In a split second, Norris makes the jump from "city manager"—as he describes his work—to chief of a combat operation. It's perhaps the hardest challenge his men face everyday, transitioning between helping and fighting, sometimes by the hour. "We're trained to clear rooms, to kick down doors, to kill," Norris says. "One minute, you're picking up a dead body, the next you're handing out candies to kids. One day I'm in a kinetic combat operation, the next day I'm trying to figure out to help the Iraqis open a polling site."
       
The next day the first item on Norris's agenda is a local radio interview on the Iraqi Media Network. The IMN has the biggest tower in Mosul; a "beacon for mortars," as one soldier puts it.

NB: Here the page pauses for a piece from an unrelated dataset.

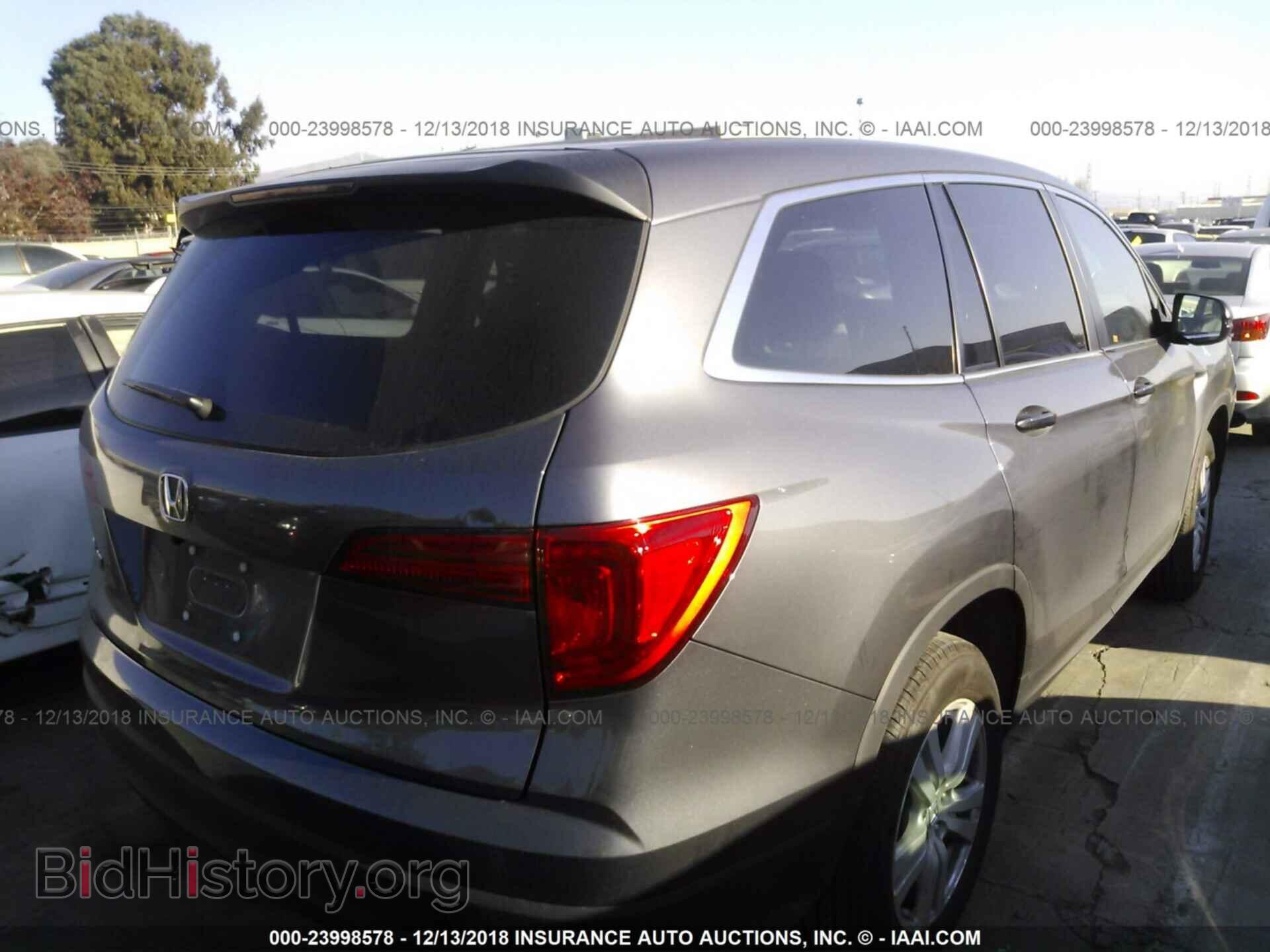 2018 HONDA PILOT - VIN: 5FNYF5H14JB022789 - Фото 4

According to the officer manager, Haiman Fadhil, 47, nine employees of the station have been assassinated since 2003, seven in the past year. The most recent victim was a 50-something female engineer, Ahlam Youseef. She was shot to death with her son and husband two weeks ago, says Fadhil. The office manager has received death threats many times, including a video sent by the insurgents showing three masked men saying he would be killed if the station continued working with the Americans. During Ramadan last year, the station was assaulted by armed men. The police fled and Fahdil and his colleagues fought them off for 30 minutes until an American helicopter arrived. So why does he keep working? "I love my job," he says.